Fremd sein und Diversität: Wer solche Freunde hat…
Die Rede ist von „wir“ und „ihr“. Unser Kolumnist hat da eine Bitte: Schaut besser hin! Nicht paternalistisch, nicht von außen. Kommt rein in „unsere“ Welt!
D ies ist meine letzte Kolumne vor dem Start der Landtagswahlen in Ostdeutschland. Am 1. September wird in Sachsen und Thüringen abgestimmt, am 22. in Brandenburg. Dann wird sich zum ersten Mal zeigen, wie mehrheitsfähig die AfD inzwischen ist, jenseits der kommunalen Ebene.
Über ein halbes Jahr nach der Correctiv-Recherche zum neurechten Treffen in Potsdam und den anschließenden Massendemos ist es verhältnismäßig still geworden – einerseits. Dafür geht es in meiner Medien-Bubble ganz schön laut zu. So äußert das Branchenportal Übermedien gerade berechtigte Kritik an der weiterhin wichtigen Recherche, mancher Correctivler reagiert darauf ziemlich unsouverän.
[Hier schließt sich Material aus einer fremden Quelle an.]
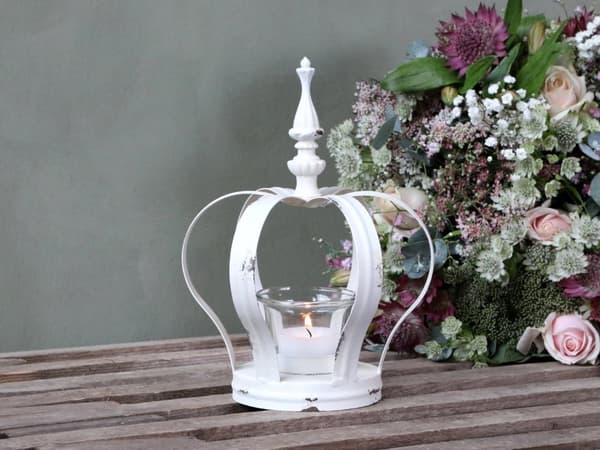 Ljuslyta Krona H21/Ø15 Antique creme Chic Antique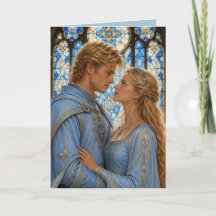 Mediaeval couple anniversary valentine card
Dieses und ähnliche Themen werden in meinem beruflichen wie privaten (deutsch-deutschen) Umfeld rege diskutiert. Weitgehend auf der Strecke bleiben mal wieder diejenigen, um die es damals im „Landhaus Adlon“ ging: Menschen jenseits des Klischees vom christlich-weißen Protodeutschen.
Eine beträchtliche Anzahl weißer Deutscher reagiert erschrocken, wenn sie erfährt, wie viele Menschen allein ich kenne, die inzwischen ganz konkrete Auswanderungsgedanken hegen. Ich spreche von Leuten, für die ich oft die einzige nichteuropäische, „irgendwie muslimische“ Referenz in ihrem Freundeskreis bin und doch fremd bleibe.
Sie sind erschüttert, Sätze zu hören, in denen klar von „wir“ und „ihr“ die Rede ist. Denn während „unser“ Leben seit Jahren zunehmend vom Rechtsruck betroffen ist, verliert „Ihr Euch“ immer noch in denselben Autosuggestionen: „Ein Drittel ist halt rechtsextrem, war schon immer so, was soll’s?“ – „Früher haben die halt die Union gewählt.“ – „Das geht schon wieder vorbei.“
Tja, das Ding ist nur, dieses Potenzial von 30 Prozent wirkt durch eine AfD in Parlamenten, womöglich bald in Regierungen, fataler, als es Rechtsextremen in vergangenen Jahrzehnten gelungen war.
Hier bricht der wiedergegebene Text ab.